Interquartile Range (IQR) – A Robust Measure of Spread

πŸ”Ή Short Description:
IQR measures the spread of the middle 50% of data, helping identify variability while minimizing the influence of outliers. It’s a key tool in box plots and exploratory data analysis.

πŸ”Ή Description (Plain Text):

The Interquartile Range (IQR) is a measure of statistical dispersion that captures the range within which the central 50% of a dataset lies. It is particularly useful because it ignores extreme values and focuses on the “middle bulk” of the data, making it a robust indicator of variability.

Formula:
IQR = Q3 βˆ’ Q1

Where:

  • Q1 (First Quartile) is the 25th percentile (the value below which 25% of data fall) 
  • Q3 (Third Quartile) is the 75th percentile (the value below which 75% of data fall) 

Example:
Consider the dataset: 2, 4, 6, 8, 10, 12, 14, 16, 18

  • Q1 = 6 
  • Q3 = 14 
  • IQR = 14 βˆ’ 6 = 8 

This means the middle 50% of the data is spread across 8 units.

Why IQR Is Important:
Unlike the range, which uses only the minimum and maximum values, the IQR focuses on the center of the data.
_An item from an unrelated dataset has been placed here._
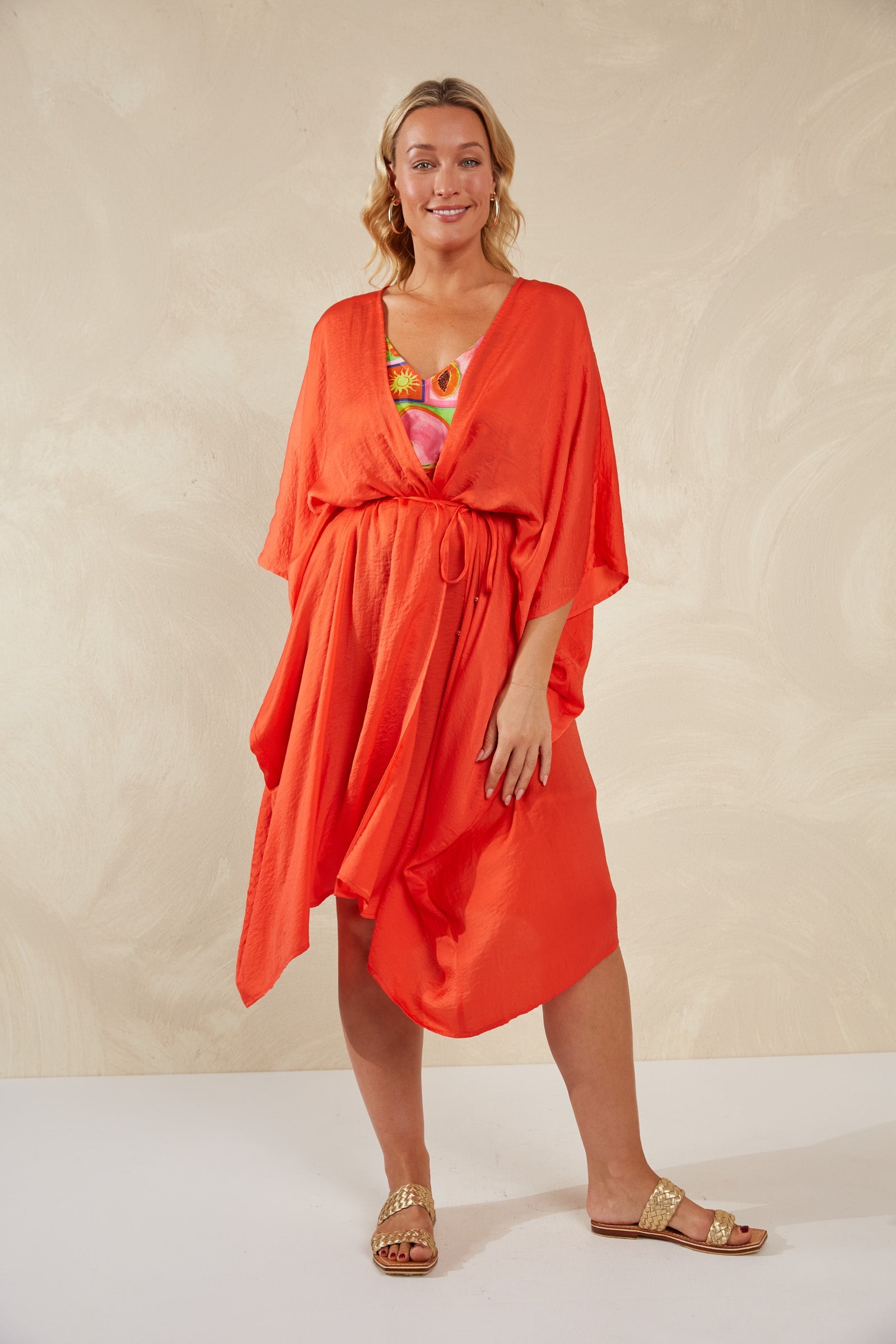 Portofino Tie Cape - Aperol - The Haven Co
This makes it resistant to outliers and more reliable for datasets with extreme values.

Real-World Applications:

  • Education: Evaluating consistency in exam results 
  • Finance: Assessing interquartile earnings or price dispersion 
  • Data Science: Detecting outliers using the 1.5 Γ— IQR rule 
  • Healthcare: Analyzing median response time or treatment results 
  • Box Plots: IQR is used to define the height of the box and whisker boundaries 

Key Insights:

  • The IQR gives a clearer picture of variability by focusing on the central portion of the data 
  • In a box plot, data points that fall below Q1 βˆ’ 1.5Γ—IQR or above Q3 + 1.5Γ—IQR are considered outliers 
  • A small IQR indicates data is tightly packed around the median 
  • A large IQR shows greater spread in the central data values 

Limitations:

  • While IQR is great for spotting spread, it doesn’t provide exact values of min or max 
  • It assumes a ranked dataset and may require sorting and interpolation in complex datasets 

By using IQR, you get a reliable sense of how your data behaves in the middle β€” without being misled by outliers or extreme values.

πŸ”Ή Meta Title:
Interquartile Range (IQR) – Formula, Use Cases, and Outlier Detection

πŸ”Ή Meta Description:
Explore the Interquartile Range (IQR), a robust statistical tool that captures the middle 50% of your data. Learn how to calculate Q1 and Q3, detect outliers, and apply IQR in box plots, finance, and education for meaningful data insights.